I am trying to plot a river plot to show how pathways are getting significant from disease stage-1 to stage-2 based on their p-value. I want to show the width of the flow of riverplot based on p-value in between two stages for the same pathway. For example, p1 abd p2 are two pathways and p1 is getting significant as disease progress from stage-1 to stage-2 (p-value changes from 0.8 to 0.02). Pathway p1 having 12 mutated genes in stage-1 and 9 mutated genes in stage-2. Similarly, pathway p2 was significant in stage-1 but not in stage-2. Pathway p2 having 10 mutated genes in stage-1 and 5 mutated genes in stage-2. This information is shown in the dataframe below:
pathway <- c('p1','p1','p2','p2')
disease <- c('Stage-2','Stage-1','Stage-2','Stage-1')
pval <- c(0.01,0.8,0.7,0.02)
ngenes <- c(9,12,5,10)
df <- data.frame(pathway, disease, pval,ngenes)
Now I am using ggalluvium
to draw the river plot.
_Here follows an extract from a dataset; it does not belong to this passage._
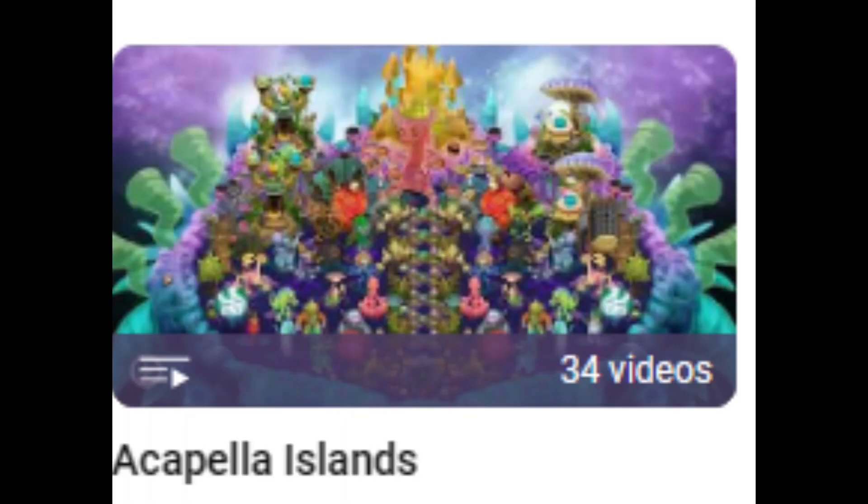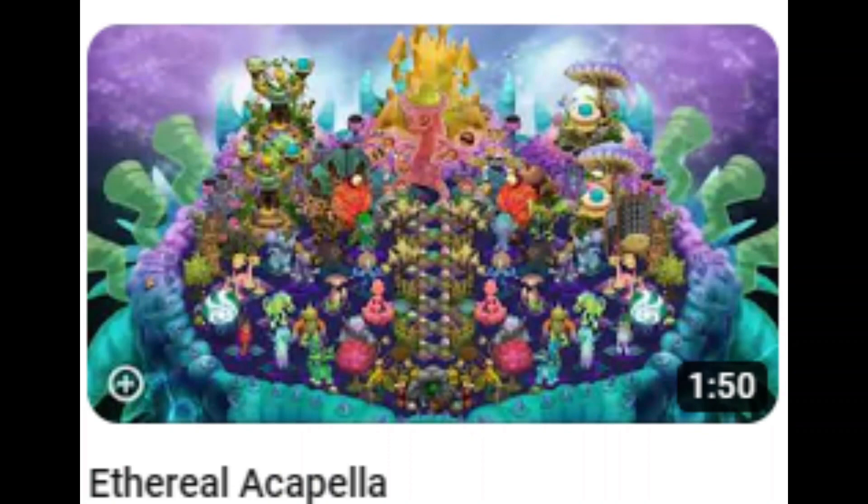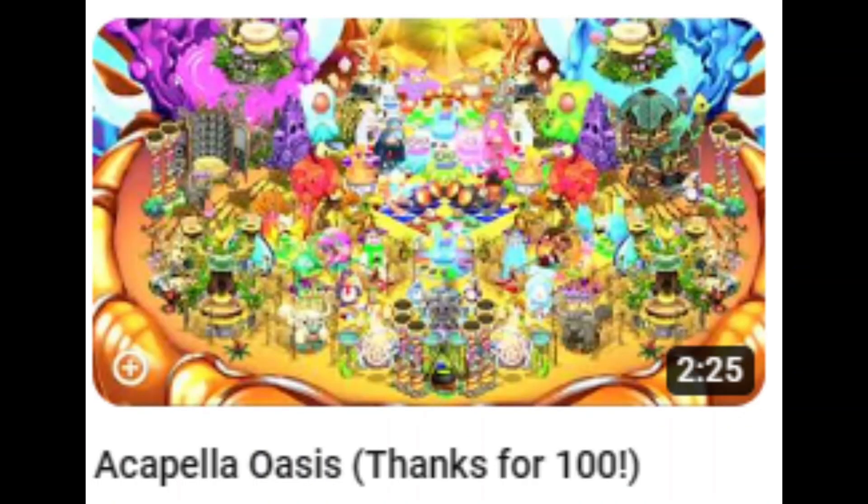What if I call them Acapella Islands, like Ethereal Acapella, or Acapella Oasis?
The code is shown below:
library(ggalluvial)
ggplot(df,
aes(x = disease, stratum = pathway, alluvium = pval,
y = ngenes,
fill = pathway, label = pathway)) +
scale_x_discrete(expand = c(.1, .1)) +
geom_flow() +
geom_stratum(alpha = .5) +
geom_text(stat = "stratum", size = 3) +
theme(legend.position = "none") +
ggtitle("River Plot")
An the plot I am getting is:
This is not what I was expecting. The flows (connection in between stage-1 and stage-2) are missing (whose width is based on p-value i.e. for p1, higher width for stage-1 and smaller width for stage-2 (or its reverse) ). Can anyone suggest how to add flow to this riverplot diagram.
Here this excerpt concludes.